Ahora tengo que hablar de pantalones. Todo empieza cuando un visitante se fija en sus vaqueros de pata de elefante y como ese tipo de ropa no se encuentra en el comercio, le pregunta quién se lo ha hecho. «Yo», presume tontamente Eduard, que en realidad se lo ha hecho cortar por un sastre que trabaja en su casa, proveedor de Kadik en la época de su dandismo. «¿Podrías hacerme uno igual si encuentro la tela?» «Por supuesto», le contesta Eduard, pensando en llevársela al sastre y cobrar de paso una pequeña comisión.
Pero ay, el día en que va a verle ya no hay sastre: se ha esfumado, ha desaparecido sin dejar rastro. Por una vez Eduard miente, la ocasión la pintan calva. Como no quiere quedar en evidencia, sólo ve una solución: encerrarse con su propio pantalón como modelo, hilo, una aguja y tijeras, y no salir de su reclusión hasta que haya hecho algo que se parezca a un pantalón con pata de elefante. La tarea es difícil, pero ha heredado de su padre un auténtico talento para toda clase de manualidades, y al cabo de cuarenta y ocho horas de esfuerzos, fracasos, de planos tan complejos como los de un puente de ferrocarril, el resultado satisface al cliente, que le paga veinte rublos por la confección y divulga la dirección de Eduard, de suerte que los encargos empiezan a afluir.

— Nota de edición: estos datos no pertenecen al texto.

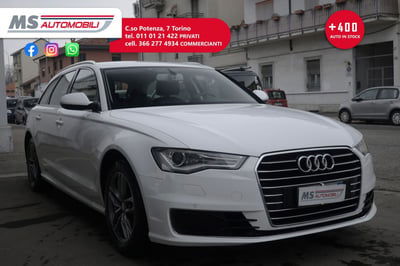 Audi A6 Avant 2.0 TDI 190 CV ultra Business Plus usata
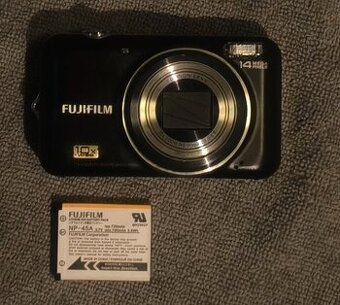 Predám dig. fotoaparát Fujifilm FinePix  JZ 500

De esta forma, por casualidad, ha solucionado la cuestión de la supervivencia durante los diez años siguientes, y de una forma satisfactoria para él, ya que le ahorra enfrentarse con cualquier tipo de autoridad: directivo de una fábrica, jefe de taller, capataz, el patrono que sea. Sastre autónomo, sólo depende de sí mismo y de la agilidad de sus dedos, trabaja cuando le apetece, pero puede, si tiene encargos, confeccionar dos o hasta tres pantalones en un día y después dedicarse a la poesía. Cuando Anna vuelve de la librería, él retira sus telas y sus papeles hasta un extremo de la mesa, la madre trae unos hermosos tomates ucranianos, bien rojos, un caviar de berenjenas o una carpa rellena y aquello es una auténtica vida familiar.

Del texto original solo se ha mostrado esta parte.